Mais ne vous détrompez pas, Maurice Limat n'a pas la moindre prétention littéraire contrairement à certains que je ne nommerais pas, il n'y a rien de pire qu'un style alambiqué associé à la prétention de son auteur. Lui, il a un recul sur son style, sa littérature, et c'est cela qui le rend le plus attachant : “Tout cela allait de la philosophie la plus sage aux élucubrations les plus prétentieusement stupides”. Il sait écrire, mais il sait aussi qu'il fait du roman de gare, et vraisemblablement, il s'amuse comme un petit fou et cet amusement se transmet, à condition d'accepter de jouer le jeu.
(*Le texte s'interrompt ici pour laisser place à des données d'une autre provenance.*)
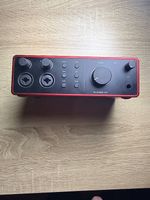Focusrite Interface audio Scarlett 4i4 - 4ème génération USB
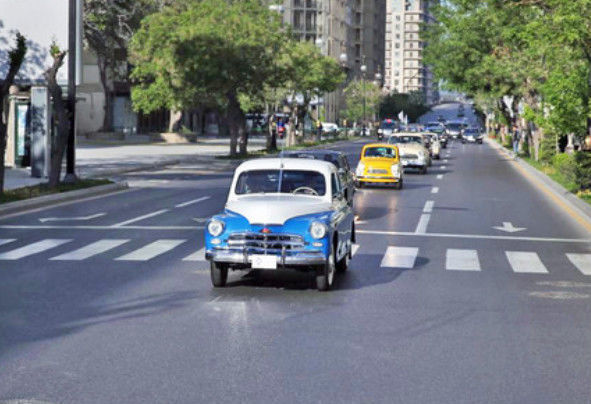 В Баку состоится заезд классических автомобилей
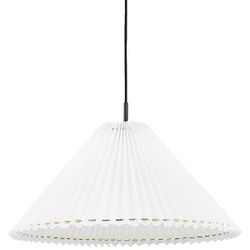 Hudson Valley H476701M-SBK Pendant Light, Black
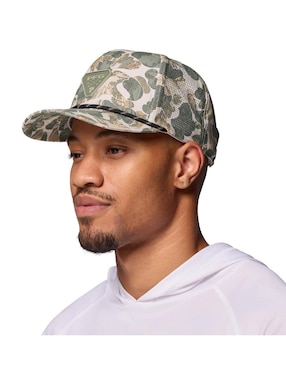 Gorra con visera curva para pesca ColumbiaTidal Pursuit 3D Stretch Snap unisex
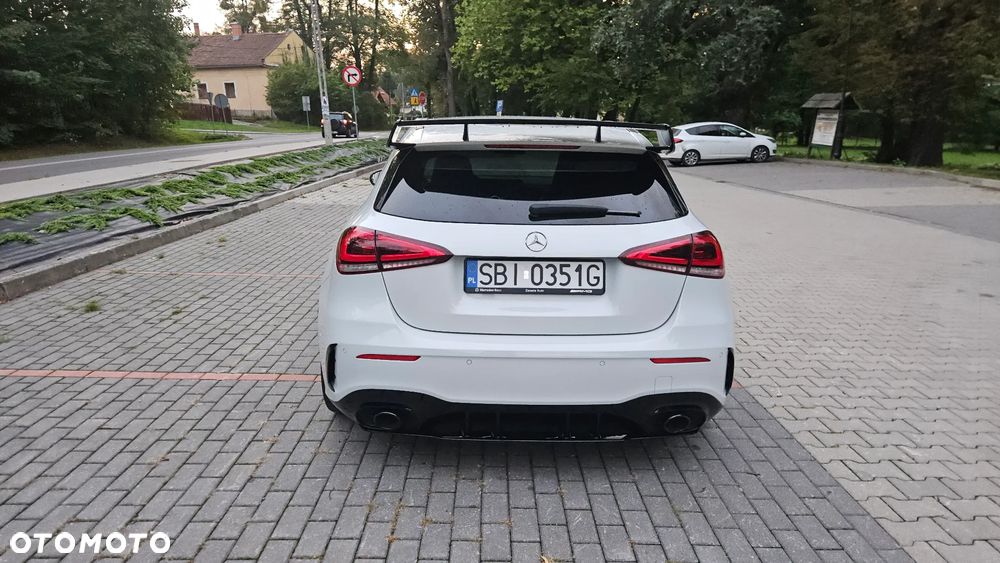 Mercedes-Benz Klasa A 35 AMG 4-Matic 7G-DCT - 9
Ce roman est sans doute le meilleur que j'ai lu de cet auteur, les inventions et l'intrigue y sont plus solides que la moyenne, je ne vous cacherais pas que ce n'est pas le chef d'oeuvre du siècle, mais quand je lis un roman de Maurice Limat, je m'éclate totalement, il érige la SF de carton pâte au rang d'art, je ris, je jubile, je me dis “Non, il n'a pas osé !” et c'est ce qui compte. Je me demande même si je ne vais pas lancer un fan club.